Trois hommes ont été déposés aux abords d'un village par une caravane de cirque. On les a laissé là, entre la décharge et le village, loin des hommes, avec pour seul abri une cabane. Hesior, le magicien, Zeppo le clown et Nabaltar le soigneur de fauves partagent un amour commun, celui qu'il portaient à Mina la trapéziste. Celle-ci aujourd'hui morte, le cirque ne veut plus s'encombrer de ces trois vieillards remplis de souvenirs. Ce passé qui les unit va les amener à fabriquer d'étranges reliques…

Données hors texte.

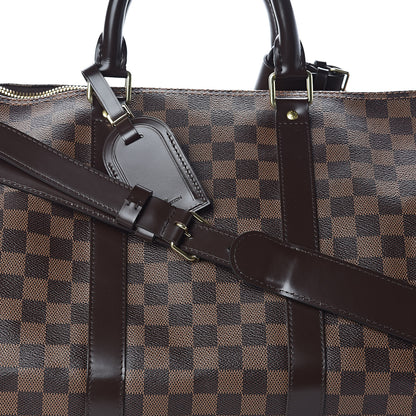 Louis Vuitton Damier Ebene Keepall Bandouliere 55 7 of 10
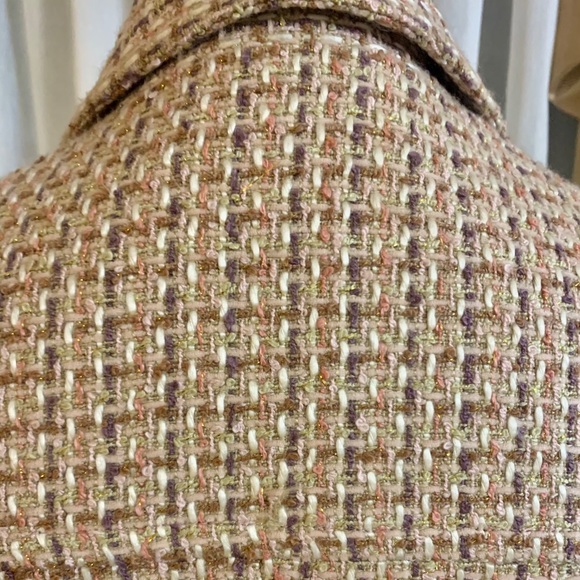 Tweed Coat with Embellished Belt Mid Length - Picture 7 of 8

Je n'en raconte pas plus concernant ce court récit afin de ne pas vous dévoiler l'intrigue. Comme la plupart des œuvres de Jeanne Benameur, c'est un roman tissé sur des silences. Les mots y puisent leur force, et chacun d'entre eux, pesé, se leste du poids de la parole enfin advenue. J'aime beaucoup cette romancière qui construit une œuvre exigeante, loin des effets de battage médiatique… Et si ce récit n'est pas mon préféré de cette romancière, ce fut tout de même un très bon moment de lecture.
Extrait
Extrait
« Mira était une femme de l'air. Faite pour s'envoler. Depuis toute petite, Mira au cirque n'avait d'yeux que pour les trapèzes. Ce fut la plus extraordinaire trapéziste que le cirque connût. Seule. Toujours seule. Là-haut, elle avait réussi à devenir un souffle qui passe. Quand elle redescendait, elle n'avait plus de visage. Juste un corps. Mais elle n'habitait plus rien. Elle n'habitait plus sa peau. Arrêtée. Comme la montre d'Hesior : un désaccord. Vivant. »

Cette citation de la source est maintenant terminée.